A technique used by many hackers in the first few decades of widespread personal computer use is wardialing. Wardialing is a technique that was popular in the 1980s and 1990s as a footprinting tool, which explains why the process involves the use of modems. Wardialing is very simple: It uses a modem to dial phone numbers to locate modems. An attacker who picked a town at random and dialed up a range of phone numbers in that town would likely turn up several computers with modems attached. Wardialing using modems is a legacy technique with extremely limited utility value today, but it does give rise to many similar techniques that essentially search for open communication ports.

Wardriving is another technique for uncovering access points into a network.

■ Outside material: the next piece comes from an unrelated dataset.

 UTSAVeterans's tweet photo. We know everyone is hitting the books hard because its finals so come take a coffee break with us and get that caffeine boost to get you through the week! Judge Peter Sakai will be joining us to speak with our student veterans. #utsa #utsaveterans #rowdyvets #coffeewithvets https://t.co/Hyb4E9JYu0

Wardriving is the process of locating wireless access points and gaining information about the configuration of each. This “sniffing” was initially performed with a laptop computer, a car, and software designed to record the access points detected. Additionally, a Global Positioning System (GPS) was optionally included to go to the next step of mapping the physical location of the access points. It wasn’t long before mobile devices became smaller, more functional, and better suited to finding wireless access points. The ease of carrying around a small device with a wireless adapter, GPS receiver, and software to collect information gave rise to warwalking, warjogging, warbiking, and even warflying. If an attacker is able to locate even a single unsecured access point, the dangers can be enormous because it can give that same attacker quick and easy access to the internal network of a company. An attacker connecting to an unsecured access point is more than likely bypassing protective measures, such as the corporate firewall.

Although there are a multitude of tools used to perform wardriving, other tools, including the following, are useful in defending against these attacks:

• AirSnort—Wireless cracking tool

• AirSnare—An intrusion detection system to help you monitor your wireless networks. It can notify you as soon as an unapproved machine connects to your wireless network.

• Kismet—Wireless network detector, sniffer, and intrusion detection system commonly found on Linux

• NetStumbler—Wireless network detector; also available for Mac and handheld devices

So why is wardriving successful? One of the most common reasons is that in spite of increasingly aggressive security measures, personnel sometimes install their own access points on the company network without company permission (known as a rogue access point). An individual who installs an access point in such a way will more than likely have no knowledge of, or possibly not care about, good security practices and may well leave the access point completely unsecured. Another reason is that sometimes when an access point has been installed, those performing the installation have actively decided not to configure any security features. Wardriving generally preys upon situations in which security is not considered or is poorly planned. Make sure you stay out of situations like that.

A technique that is useful at determining whether a system is present and active is a ping sweep of an IP address range. By default, a computer will respond to a ping request with a ping reply or echo. A ping is a network utility that sends an Internet Control Message Protocol (ICMP) message. With the use of a ping, it is possible to identify active machines and measure the speed at which packets are moved from one host to another as well as obtain details, such as the time to live (TTL).

A key advantage of ICMP scanning is that it can be performed rapidly because it runs scanning and analysis processes in parallel. In other words, it means multiple systems can be scanned simultaneously. In fact, it is possible to scan an entire network rapidly. The ping utility is available as a command-line utility in all common operating systems and is often available as a feature in larger network management software packages.

Of course, for every pro there is a con, and pinging in this manner is not without issue. First, it is not uncommon for network administrators to specifically block ping ICMP messages at the firewall or even turn off ping messages completely on host devices. Second, it is a safe bet that any intrusion detection system (IDS) or intrusion prevention system (IPS) that is in place will detect and alert network managers in the event a ping sweep occurs. Finally, ping sweeps have no capability to detect systems that are attached to the network but powered down.

The next step to take after discovering active systems is to find out what services are available on the systems. The most straightforward technique is to scan ports for active services. Port scanning is designed to probe each port on a system in an effort to determine which ports are open. It is effective for gaining information about a host because the probes sent to a system have the capability to reveal more information than a ping sweep can. A successful port scan will return results that will give a clear picture of what services are running on a system. This is because ports are bound to services.

Before discussing how to scan ports, it is important to cover some of the fundamentals of ports. In all, there are 65,535 TCP and 65,535 UDP ports on any given system. Each of these port numbers identifies a specific process that is either sending or receiving information at any time. At first glance, it might seem that you would need to memorize all 65,000-plus ports to be adequately prepared, but this is not the case. In reality, only a few ports should ever be committed to memory, and if a port scan returns any ports that are not immediately recognizable, those port numbers should be further scrutinized. Some common port numbers are shown in TABLE 6-1.

Look closely at the last column of Table 6-1. In this column, the protocol in use is listed as either TCP or UDP. In practice, applications that access the network can do so using either TCP or UDP, based on how the service is designed. An effective port scan will be designed to consider both TCP and UDP as part of the scanning process. These two transport layer protocols work in different ways. TCP acknowledges each connection attempt. UDP does not, so it tends to produce less reliable results.